Thursday, February 21, 2008

Steve's First Law of Good Software Architecture

First, I should touch on the intent of good architecture. The intent is to build something of quality that will last a long time. The "something" we build will not be static - it will be changed, and should be amenable to those changes without loss of quality. Small applications are easy to replace, rather than change - so good architecture is most relevant to medium to large applications.

To review, my first law of good architecture is:

Identify all core services to the application. Code against the interface of the service you wish you had, not to the implementation of the one you actually have.

Now when I talk of services here, I am specifically *not* talking about SOA. I am talking about all the pieces of your application that are not business logic. In this context, a "core service" is pretty much everything that is not the business logic itself. This includes the entire user interface, the database, the file system, and the application settings.


User Interface
Lets talk about the user interface as a service. This is a little-known technique, so I'll take the time to motivate it as best I can.

Consider this statement: Logic naturally wants to be at the points of control. By default, the main point of control of an application is its user interface. This is why it is so hard for developers to keep it out of there! For non-visual applications, this is still true - the logic wants to be on the edges. From an architectural perspective, this tendency is very dangerous - the user interface is the most likely part of the application to be discarded, and the hardest (practically impossible) to re-use.

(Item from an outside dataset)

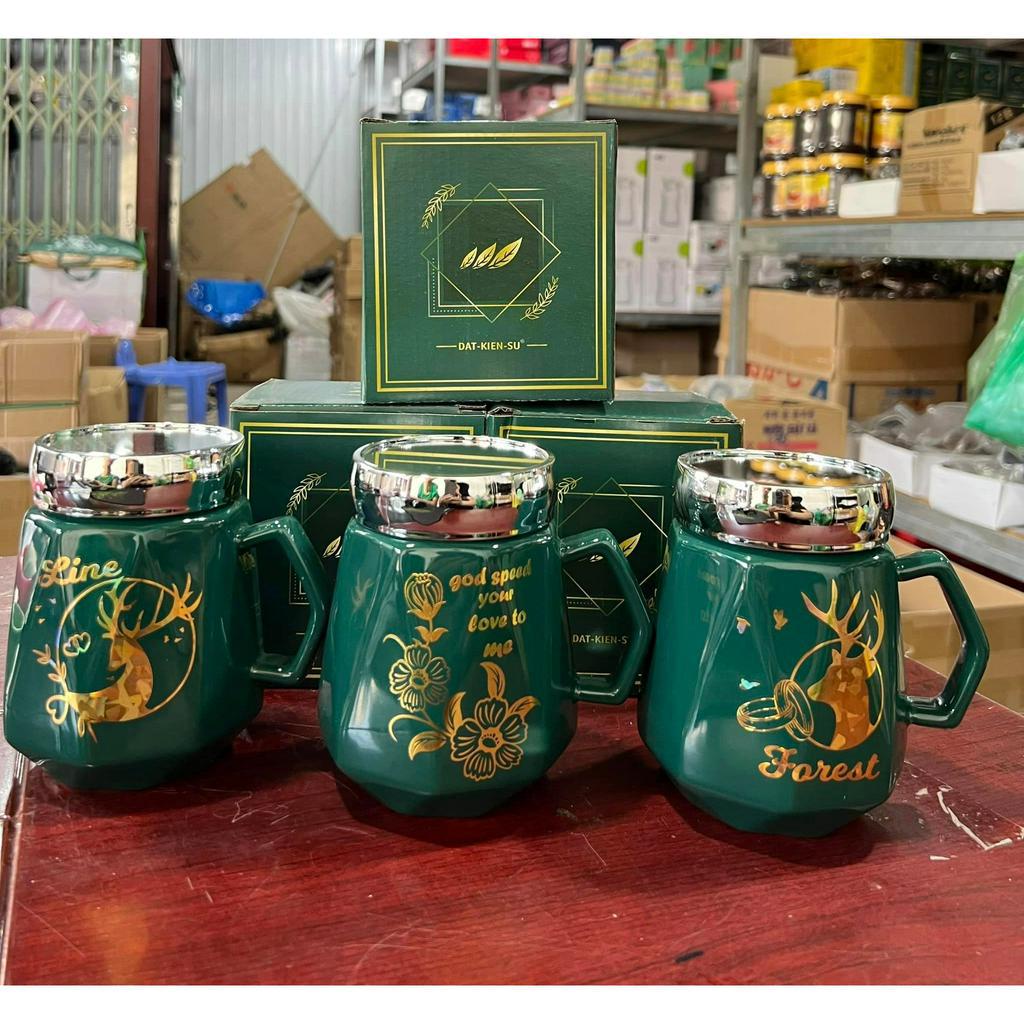 Cốc sứ có nắp gương soi mẫu mới nhất 2023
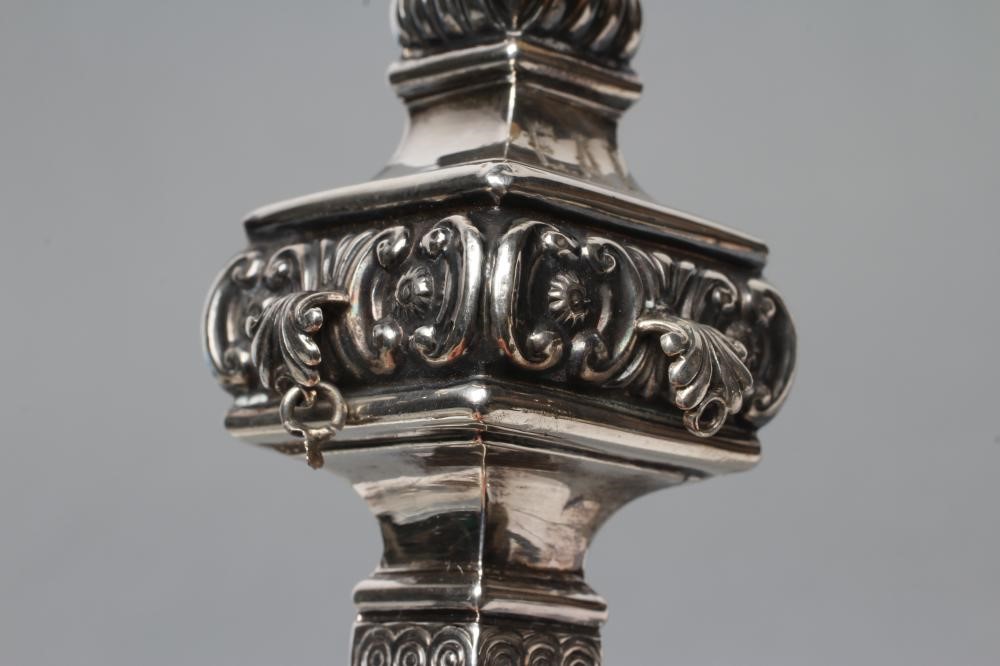 AN EDWARDIAN SILVER RATTLE Image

One well-known technique for limiting the damage is layering of the user-interface on top of the application logic. With discipline, this can work well. However, good architecture does not assume discipline. It assumes team members of average talent at best, and structures the application so that they are as effective as possible. Layering is not the best answer.

Given that logic wants to be at the point of control, we can make a conscious decision to put the application logic in control. This will make the other parts to the application subservient to the application logic. As it turns out, that is the definition of a service - a part of the application that is subservient to another.

Another important characteristic of a service is that it has a well-defined API. So well defined in fact, that we can define its interface, and code against that interface rather than the actual service. So score 1 for the user interface as a service - it makes automated testing of business logic easy.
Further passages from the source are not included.